Seventy-three per cent of the CFOs surveyed in the report by Ernst & Young see their role as a destination in its own right and only 10 per cent harbour an ambition to be the CEO.

The report found that CFOs are a group of people whose unique optic on the business has rightly earned them promotion to the forefront; they are embracing their increasingly strategic remit; and they see their career choice as one to be celebrated — not a staging post to the role of CEO.

The CFO is playing an increasingly broad and vital role within today’s organisations, says the report based on the analysis of a survey of 669 senior finance professionals in Europe, the Middle East, India and Africa, and a programme of in-depth interviews with leading CFOs and finance directors from these regions.  The research was conducted by the Economist Intelligence Unit. 

The report was presented by Joe Murphy, managing partner of Ernst & Young — Dubai, at the Fourth Annual CFO Strategies Middle East Forum in Dubai on Wednesday, as chairperson of an interactive panel discussion titled, CFO as a co-pilot to the CEO.

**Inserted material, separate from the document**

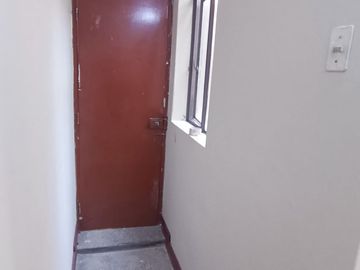 Vendo Edificio de 03 Pisos + Aires – Ideal Para Negocio, Taller o Alquiler
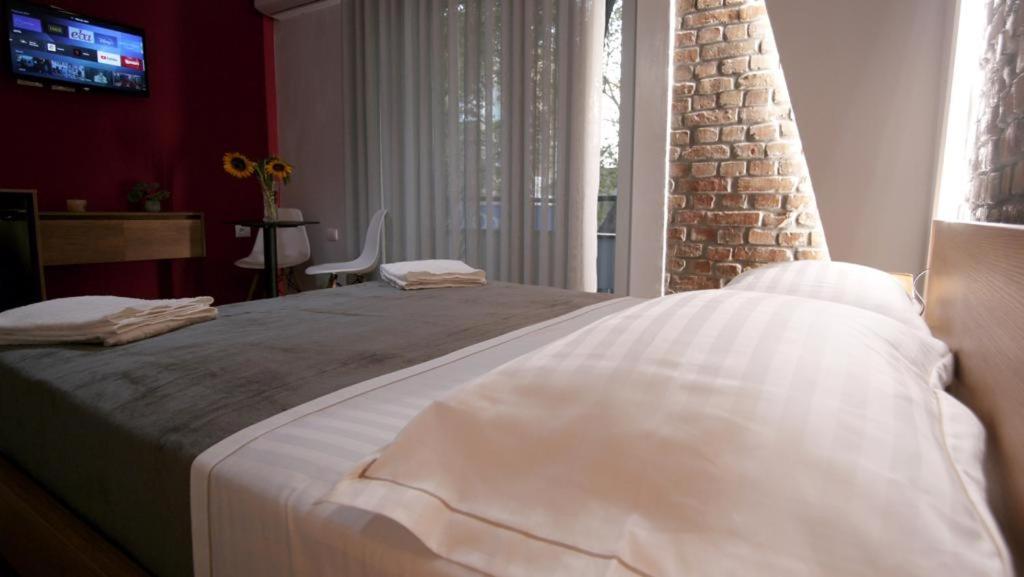 Koni'S Studio Apartments Тирана Экстерьер фото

The survey found that the traditional finance skills of analysis, reporting and control are in demand outside of the finance function and the job of the CFO is broadening far beyond its technical heartland into a role that is more “strategic” in the broadest sense of the word.

Leading CFOs are overturning outmoded perceptions of finance as “business prevention units” and repositioning the function as an enabling partner to the business.

A large proportion of CFOs feel their contribution to strategy focuses on providing insight and analysis to support the CEO and ensuring that business decisions are grounded in sound financial criteria.

There is a delicate balance to strike between being the “objective, independent voice” of the business and assuming a broader responsibility for operations.

A growing number of CFOs are adding operational responsibilities for functions such as IT and property to their portfolios.

The CFO role is now more embedded in the development and enablement of corporate strategy and yet the financial crisis has forced CFOs to increase their focus on fundamentals of finance as well.

Increasingly, the CFO has to act as the face of the company on all issues related to overall financial performance.  Following the crisis, the CFO’s key priority is to increase trust in the financial health of their business. Communication and influencing is considered by the CFOs as the most important area for improvement.